3. Avis Budget Group — Domestic Vehicle Repricing Signal

CAR.O (Avis Budget, R-10): INSTAT +100, 1D +11.97%, 1W +28.27%, YTD +48.39%. Fleet repricing in a tariff-driven used-vehicle market is the most plausible structural explanation for the sustained move. Do not chase the 1D spike; monitor whether INSTAT holds through next week.

4. Jakarta Composite — Emerging Market Casualty of the Chaos Year

JKSE (Jakarta Stock Exchange, R-07): INSTAT −98, 1D −2.19%, YTD −18.74%. Indonesia’s export-dependent economy is among the most directly exposed to sustained US tariff disruption in the Asian universe. The INSTAT reading confirms structural deterioration across the full chaos year, not a session event.

 

V. EASTER WEEKEND PLAYBOOK DIRECTIVES (INSTAT-ALIGNED)

 

1. Maintain Utilities as the Regime’s Core Holding — No Change

R-11 Avg INSTAT +89 with 12/15 names at the INSTAT ceiling is the clearest regime signal in the full universe. One year of data confirms this is not a rotation trade — it is the rational structural response to sustained policy chaos. AEP, ED, NEE, NI, PCG, SO are the anchor names for own capital. XLU for mandated capital. P2 Dow 30 Maverick overweights utility names within the Dow 30.

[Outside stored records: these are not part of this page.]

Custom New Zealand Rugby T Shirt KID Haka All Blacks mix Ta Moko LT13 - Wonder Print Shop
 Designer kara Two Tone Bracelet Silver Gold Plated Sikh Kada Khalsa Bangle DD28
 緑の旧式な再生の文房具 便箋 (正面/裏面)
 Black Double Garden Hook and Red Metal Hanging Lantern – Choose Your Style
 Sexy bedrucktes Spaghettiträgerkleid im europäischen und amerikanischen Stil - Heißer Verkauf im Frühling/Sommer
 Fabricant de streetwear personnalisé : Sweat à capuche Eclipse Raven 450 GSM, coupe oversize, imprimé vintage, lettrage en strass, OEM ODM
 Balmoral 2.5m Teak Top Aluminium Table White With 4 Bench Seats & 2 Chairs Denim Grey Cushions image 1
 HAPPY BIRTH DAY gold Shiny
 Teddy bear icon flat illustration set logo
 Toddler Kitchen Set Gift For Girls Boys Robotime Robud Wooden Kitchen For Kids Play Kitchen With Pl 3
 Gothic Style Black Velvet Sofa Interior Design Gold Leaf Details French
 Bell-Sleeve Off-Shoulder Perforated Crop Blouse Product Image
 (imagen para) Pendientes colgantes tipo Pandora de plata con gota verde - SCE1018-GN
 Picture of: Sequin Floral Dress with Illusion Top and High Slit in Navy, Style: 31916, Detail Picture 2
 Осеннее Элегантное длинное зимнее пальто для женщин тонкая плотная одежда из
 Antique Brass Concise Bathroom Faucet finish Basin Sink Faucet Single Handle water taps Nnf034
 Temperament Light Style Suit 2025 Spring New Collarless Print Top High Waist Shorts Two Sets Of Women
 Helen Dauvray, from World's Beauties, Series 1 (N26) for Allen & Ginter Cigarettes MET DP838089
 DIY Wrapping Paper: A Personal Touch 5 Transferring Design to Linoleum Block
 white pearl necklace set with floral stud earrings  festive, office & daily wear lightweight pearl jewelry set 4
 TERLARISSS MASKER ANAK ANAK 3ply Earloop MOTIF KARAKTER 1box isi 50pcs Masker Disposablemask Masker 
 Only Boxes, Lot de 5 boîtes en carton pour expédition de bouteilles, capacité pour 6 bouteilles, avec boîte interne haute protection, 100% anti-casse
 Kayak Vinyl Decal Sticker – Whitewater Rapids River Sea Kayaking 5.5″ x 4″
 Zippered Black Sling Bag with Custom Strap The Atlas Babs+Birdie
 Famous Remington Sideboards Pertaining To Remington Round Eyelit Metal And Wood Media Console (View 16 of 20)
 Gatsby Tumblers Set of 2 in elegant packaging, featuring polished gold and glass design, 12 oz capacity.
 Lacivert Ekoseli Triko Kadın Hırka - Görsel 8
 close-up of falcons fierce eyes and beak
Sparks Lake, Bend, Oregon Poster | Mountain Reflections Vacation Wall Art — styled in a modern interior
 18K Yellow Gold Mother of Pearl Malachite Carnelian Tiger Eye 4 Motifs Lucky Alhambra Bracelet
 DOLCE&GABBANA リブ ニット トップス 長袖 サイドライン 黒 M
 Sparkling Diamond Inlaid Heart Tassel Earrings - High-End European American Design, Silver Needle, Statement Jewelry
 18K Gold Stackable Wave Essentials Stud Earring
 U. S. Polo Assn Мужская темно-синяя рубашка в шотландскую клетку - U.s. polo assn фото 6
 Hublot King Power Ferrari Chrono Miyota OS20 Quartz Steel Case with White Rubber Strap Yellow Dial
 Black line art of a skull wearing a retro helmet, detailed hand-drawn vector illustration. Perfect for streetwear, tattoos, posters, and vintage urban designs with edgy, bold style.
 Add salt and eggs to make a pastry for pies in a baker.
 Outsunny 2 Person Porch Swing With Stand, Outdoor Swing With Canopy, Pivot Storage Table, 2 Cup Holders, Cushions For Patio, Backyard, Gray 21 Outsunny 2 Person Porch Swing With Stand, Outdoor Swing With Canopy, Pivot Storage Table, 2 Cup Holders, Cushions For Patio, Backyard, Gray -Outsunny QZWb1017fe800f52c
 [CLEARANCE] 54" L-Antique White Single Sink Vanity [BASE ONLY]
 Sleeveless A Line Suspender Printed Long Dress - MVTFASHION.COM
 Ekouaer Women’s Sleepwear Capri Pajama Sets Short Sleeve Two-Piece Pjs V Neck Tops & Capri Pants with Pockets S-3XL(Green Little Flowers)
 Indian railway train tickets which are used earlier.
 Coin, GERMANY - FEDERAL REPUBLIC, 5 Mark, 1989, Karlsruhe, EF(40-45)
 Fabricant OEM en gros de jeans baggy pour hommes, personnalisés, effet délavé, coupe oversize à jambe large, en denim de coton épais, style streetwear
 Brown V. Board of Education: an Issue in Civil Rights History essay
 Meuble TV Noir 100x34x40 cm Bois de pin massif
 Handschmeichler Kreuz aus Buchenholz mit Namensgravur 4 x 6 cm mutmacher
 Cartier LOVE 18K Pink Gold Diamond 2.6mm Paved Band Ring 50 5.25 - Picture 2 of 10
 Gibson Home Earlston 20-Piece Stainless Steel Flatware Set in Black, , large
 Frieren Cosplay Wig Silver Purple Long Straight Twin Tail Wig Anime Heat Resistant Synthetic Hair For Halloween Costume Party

2. Maintain Essential Miners and Gold — Hard Asset Floor in Inflation and Chaos

R-43 (Avg INSTAT +73) and R-41 (Avg INSTAT +61) are both in confirmed accumulation. BHP, RIO, LIN, NUE are the anchor names. GDX and GDXJ for gold equity leverage. The 1D weakness in goldminers is noise within a confirmed structural trend. These positions hedge tariff inflation, dollar credibility risk, and institutional instability simultaneously.

3. Monitor P1 Cara 100 Bottoming Candidates Over the Long Weekend

MSFT, CRM, ORCL (AT+25, ST+22, IN−50) are base-building. IN remains negative — no confirmed inflow. Deployment threshold not yet reached. NOW (ServiceNow, −93) is excluded from all P1 candidate lists and remains the highest-conviction avoid within R-12.

4. Do Not Deploy into Energy Commodity Names Despite the Price Spike

LGO +11.41% and LCO +7.99% at the Thursday close are supply disruption events, not accumulation signals. R-15 Energy equity remains well below the top-ranking R-Files despite commodity gains. The equity market is correctly separating input cost inflation from earnings power. Do not chase energy commodity names entering the holiday weekend.

5. Full Avoidance Maintained: Crypto, Solar, India, Software — One Year, No Change

R-28 (−61), R-38 (−52), R-57 (−44), R-32 (−11). These four avoids have been consistent through the entire year of the chaos regime. In an environment where trade policy, executive authority, and monetary policy independence are all simultaneously unstable, there is no risk premium that compensates for holding these structures. 100% cash since February 27, 2026 remains correct. Enjoy the Easter weekend.